● What the exercise asks: In the records below, begin at the line containing "Metalocalypse Dethklok With" and end at the line containing "Zhinvali water reservoir"; quote every line in that span exactly, including both boundary lines, and no others.

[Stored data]
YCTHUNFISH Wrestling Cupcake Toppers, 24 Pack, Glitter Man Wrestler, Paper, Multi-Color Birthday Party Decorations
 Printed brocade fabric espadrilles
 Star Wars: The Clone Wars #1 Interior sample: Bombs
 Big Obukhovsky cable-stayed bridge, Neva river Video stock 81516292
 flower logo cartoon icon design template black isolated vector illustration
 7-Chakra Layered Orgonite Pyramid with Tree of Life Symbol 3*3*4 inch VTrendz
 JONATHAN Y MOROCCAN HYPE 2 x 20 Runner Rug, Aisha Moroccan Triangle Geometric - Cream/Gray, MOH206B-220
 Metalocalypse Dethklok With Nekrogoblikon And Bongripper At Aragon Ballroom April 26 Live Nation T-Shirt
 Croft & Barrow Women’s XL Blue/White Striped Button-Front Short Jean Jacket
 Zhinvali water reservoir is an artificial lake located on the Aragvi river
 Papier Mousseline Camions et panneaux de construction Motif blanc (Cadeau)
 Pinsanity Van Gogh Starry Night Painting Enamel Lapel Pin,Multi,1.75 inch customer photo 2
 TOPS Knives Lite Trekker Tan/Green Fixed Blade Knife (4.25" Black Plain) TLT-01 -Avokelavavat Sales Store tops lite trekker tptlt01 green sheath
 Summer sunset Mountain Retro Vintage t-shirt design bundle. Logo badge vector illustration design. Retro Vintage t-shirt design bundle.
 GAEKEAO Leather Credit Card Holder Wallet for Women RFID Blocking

● Task solution:
 Metalocalypse Dethklok With Nekrogoblikon And Bongripper At Aragon Ballroom April 26 Live Nation T-Shirt
 Croft & Barrow Women’s XL Blue/White Striped Button-Front Short Jean Jacket
 Zhinvali water reservoir is an artificial lake located on the Aragvi river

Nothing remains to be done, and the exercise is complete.